Most Rembrandt etchings fall into one of five categories: Biblical subjects, self-portraits, portraits, landscapes and genre scenes.
Rembrandt’s Biblical subjects comprise a substantial portion of his etching ouvre. They have traditionally been some of the most sought after by collectors and were innovative for their time because of the manner in which they reveal Christ’s interaction with the people of His time.
In the late 1620s, Rembrandt began to paint and etch his first self-portraits. Throughout his career he produced many subsequent self-portraits in both mediums. Scholars differ as to Rembrandt’s motivation for creating self-portraits. The earliest notion that he could not afford to pay for models has given way to the more cogent idea that in his pursuit of the “psychological portrait,” the desire to reveal the human and spiritual nature of the sitter, he used his own face to more deeply contemplate this revolutionary approach for the time.
The vast majority of the portraits Rembrandt etched were meant to be used by the sitter, many of which were friends and acquaintances of Rembrandt’s, as opposed to being sold to the general public. His earliest portraits are rather simple in terms of the techniques and designs used where as later portraits have more elaborate details and more complex compositions.
During Rembrandt’s lifetime prints of the Dutch landscape were extremely popular, and he too used the Dutch landscape as a subject. The inspiration for a large portion of his landscape etchings came from Amsterdam and the surrounding areas; however, Rembrandt is known for putting imaginary elements in the landscapes such as mountains and foreign buildings. While Rembrandt completed most of the landscape etchings indoors by using his drawings as a reference, the spontaneous lines in a few of the etchings indicate that he may have, on occasion, etched outdoors while at the actual location.

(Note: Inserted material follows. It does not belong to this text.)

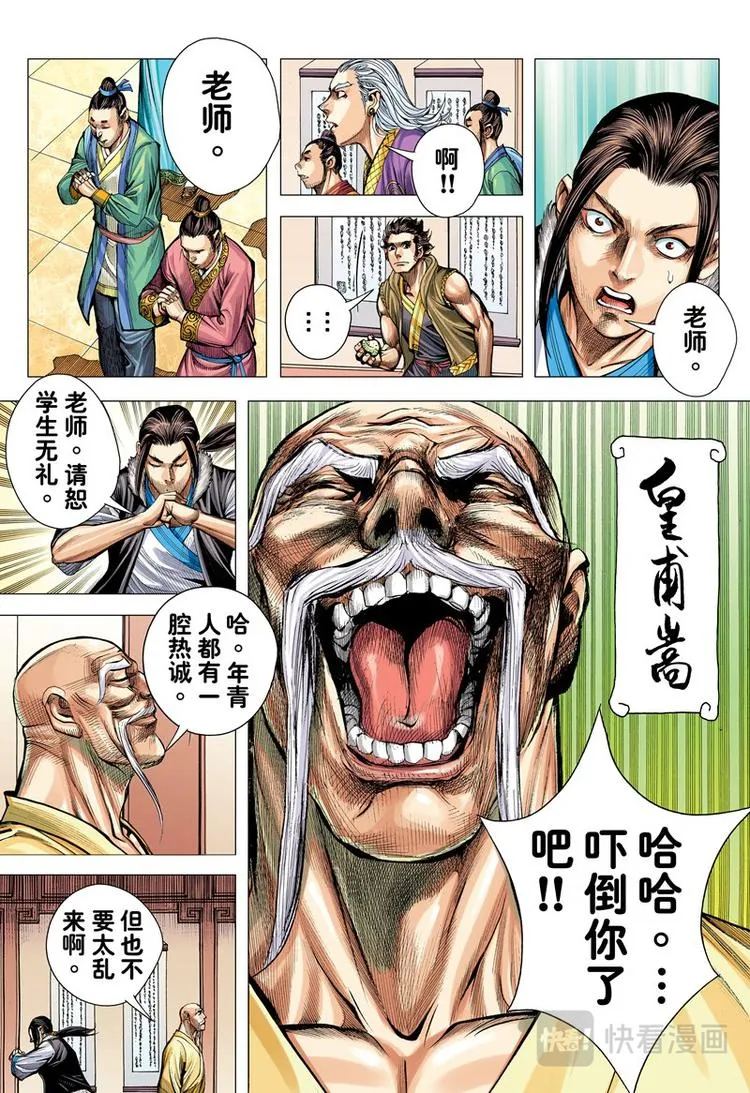 第5话 暗灵追杀令（上） 第15页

Rembrandt created several etchings that depict everyday scenes, also called genre scenes, and often used street characters such as rootless musicians, beggars and the homeless as his subjects. The compassion he used while portraying these individuals was not the norm at the time. Rembrandt’s series of male and female nudes fall under the category of genre as well. Contrary to the majority of his contemporaries who focused on the classical ideal of beauty, Rembrandt depicted his models realistically, revealing their bodies’ flaws.